Our production web server has gone down a few times over the course of the last half year. In the end, we've needed to contact the web host and have them restart as I'm unable to even SSH in. This appears to only affect the web server and not the MySQL database server which is separate. When it affects the web server, all hosted websites time out.
I'd like to examine web server optimization/corrections to get to the root of this issue. Any recommendations on how to proceed with that? I'm sure log files would play a role. I'm able to find my way around a Linux-based server and make needed changes, but would be interested in any tips I may not have thought of yet. It may be best for us to speak with an outside consultant as another option.
Thanks.
How about having more than one webserver, and balance the load between them, so if one fails, then you could nominate the backup to take over.. I'd say that having such a large single point of failure should be one of the first places to start looking.

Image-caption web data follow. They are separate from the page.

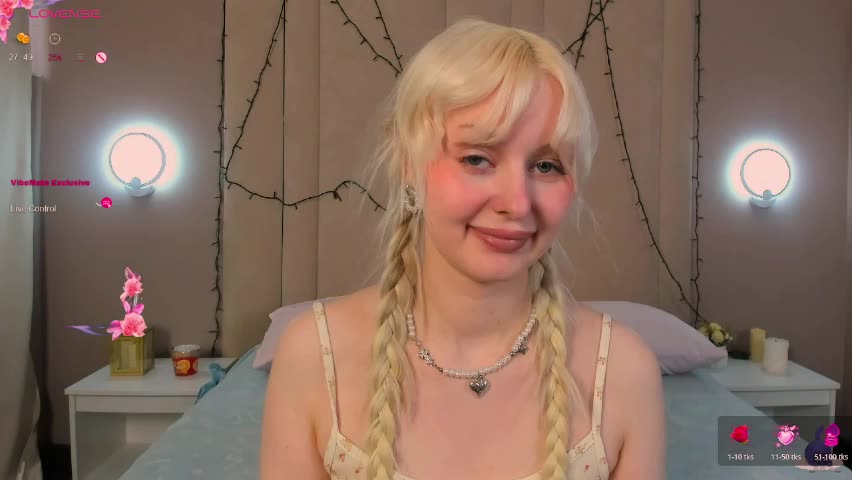 adelesilvy Adult Chat April 11, 2026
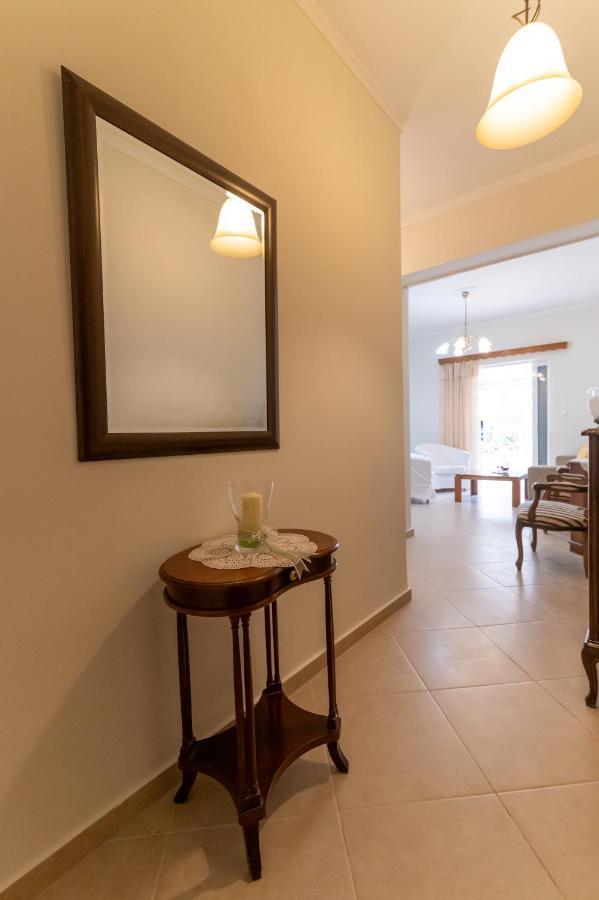 Ikaros Apartment เปรเวซา ภายนอก รูปภาพ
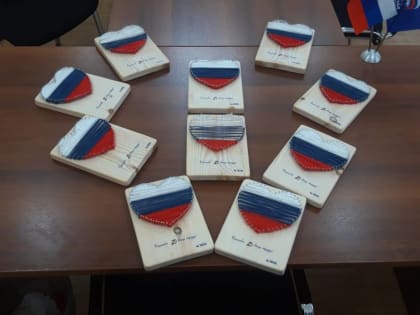 Региональная приемная и партактивисты подготовили подарки женщинам - волонтерам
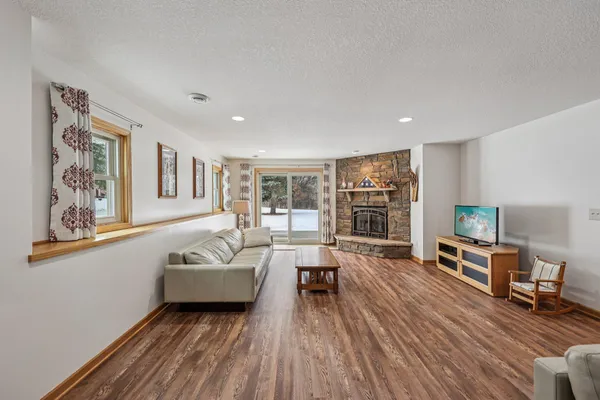 $397,000 | 1118 Melody Court Northwest, Isanti, MN 55040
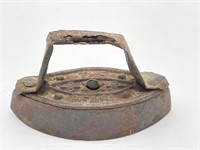 Primitive Miniature Sad Iron with Handle 4” x 2”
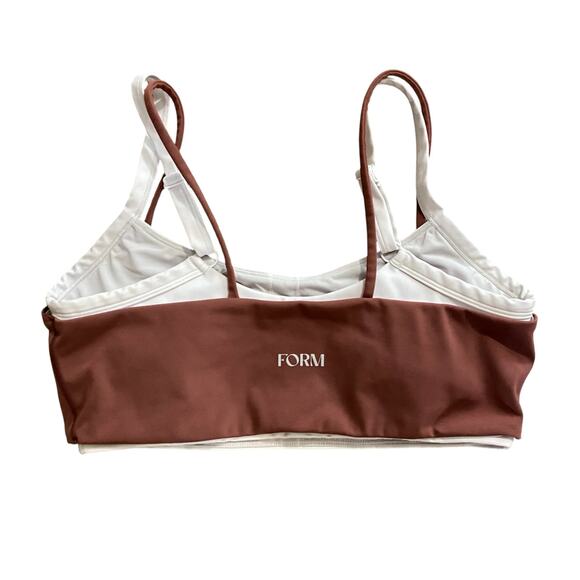 Form Layered Sports Bra Medium Wine White Spaghetti Straps Gym Fitness Athletic - Picture 3 of 7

This sounds like a classic case of swapping. If you have any metrics/monitoring system at all available check the memory reports (sar, cacti, munin, etc). If not, time to pick one and set it up.
Odds are its the simple case of (number of apache children) x (average memory size of an apache child) > available memory. You can attack this in several ways, first see if you can trim down your php scripts. Don't go nuts, but if there's some simple include/require/classloader fixes you can make you might be able to chop their footprint in half with a quick afternoons worth of profiling work. After that, whatever your average apache child size is do the math to figure out how much would fill up all available ram, then back off ~20% and make that your MaxClients setting.
RPM (resource protection monitor) from RFX would work wonders for you.
In short - (its free) what this does is - it looks and when it sees a system process is using to many processes it will restart or down that process hold it and then restart.
Really nice :-)
Saves most of the webhosts out there much of the time